Methods: Over four consecutive months we prospectively registered all patients admitted due to AHF. Sodium and glucose levels were determined immediately upon admission. Patients were followed through admission and for the next 6 months. Of 342 patients enrolled, complete data were available for 331 patients.
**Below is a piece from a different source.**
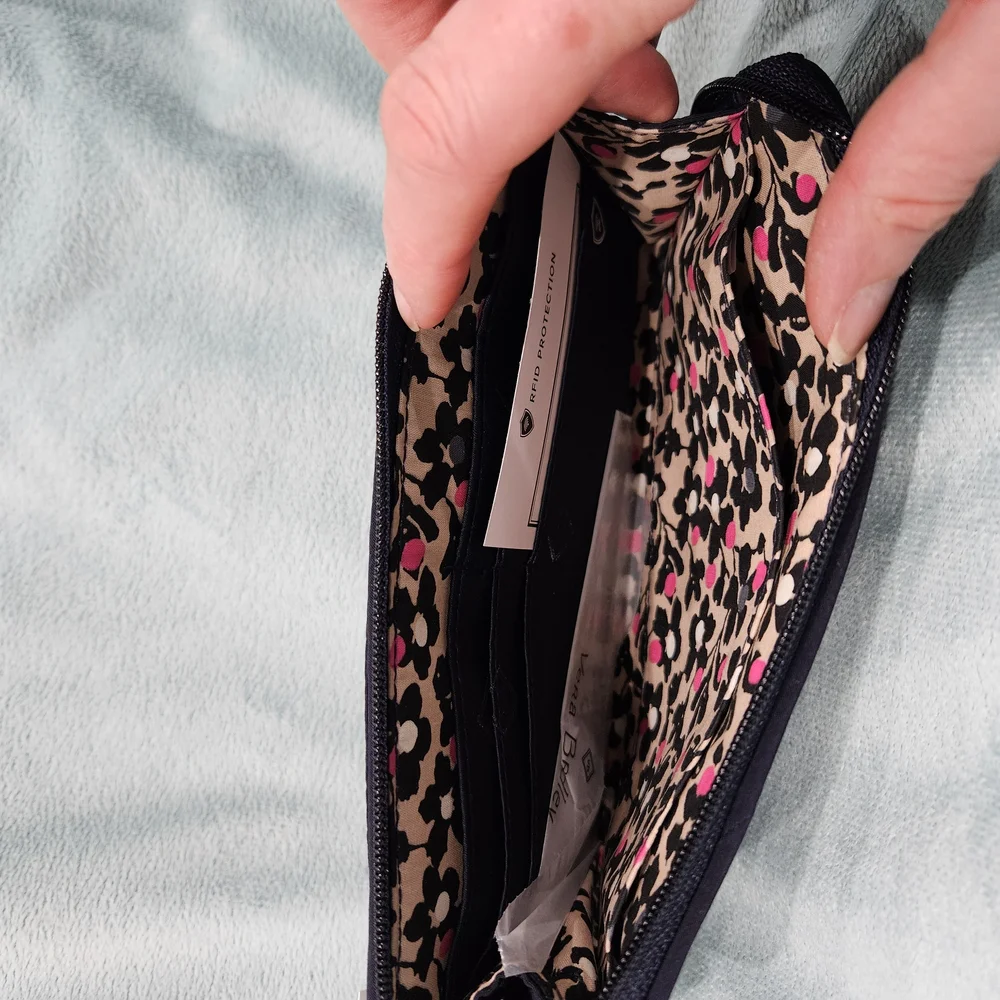 Vera Bradley Iconic RFID Front Zip Wristlet in Navy - Picture 10 of 10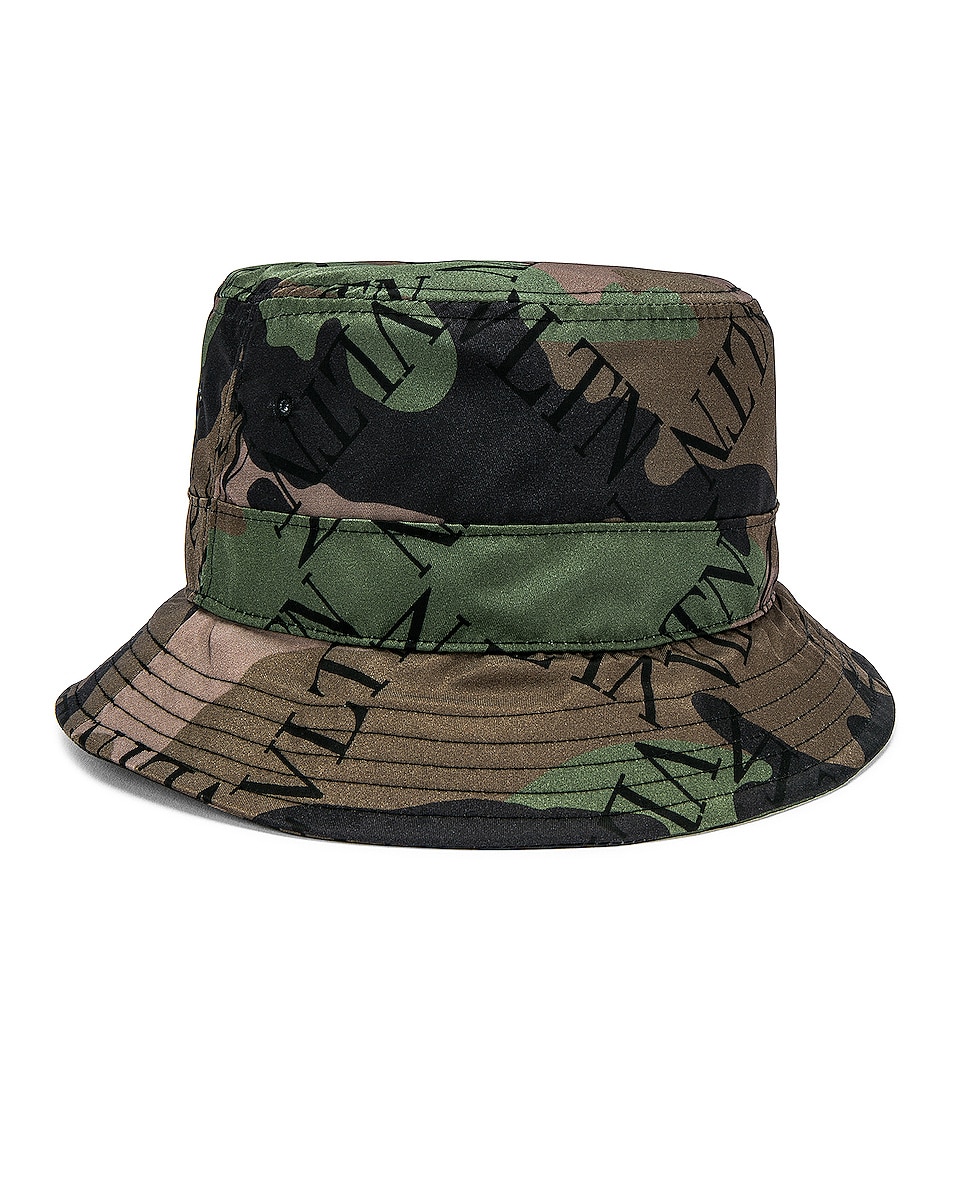 Image 1 of Valentino Garavani Bucket Hat in Army Green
Results: Hyponatraemia (sodium <135 mmol/L) was detected in 22% of patients. However, 47% of patients with hyponatraemia had concomitant hyperglycaemia (glucose level <11 mmol/L). Hyponatraemia was associated with increased 6-month mortality (21 vs. 8%, p=0.002). This association was restricted to patients who had hyponatraemia without concomitant hyperglycaemia. The 6-month mortality of patients with and without hyponatraemia was 11% versus 10% (p=0.87) when hyperglycaemia was present versus 29% and 7% (p=0.001) when hyperglycaemia was absent.
Conclusions: In this preliminary study, hyperglycaemia-associated hyponatraemia was present in a significant proportion of patients admitted with AHF. In patients with hyperglycaemia, hyponatraemia had no prognostic significance, whereas in patients without hyperglycaemia, hyponatraemia remained a powerful predictor of mortality. These results need confirmation in a larger study.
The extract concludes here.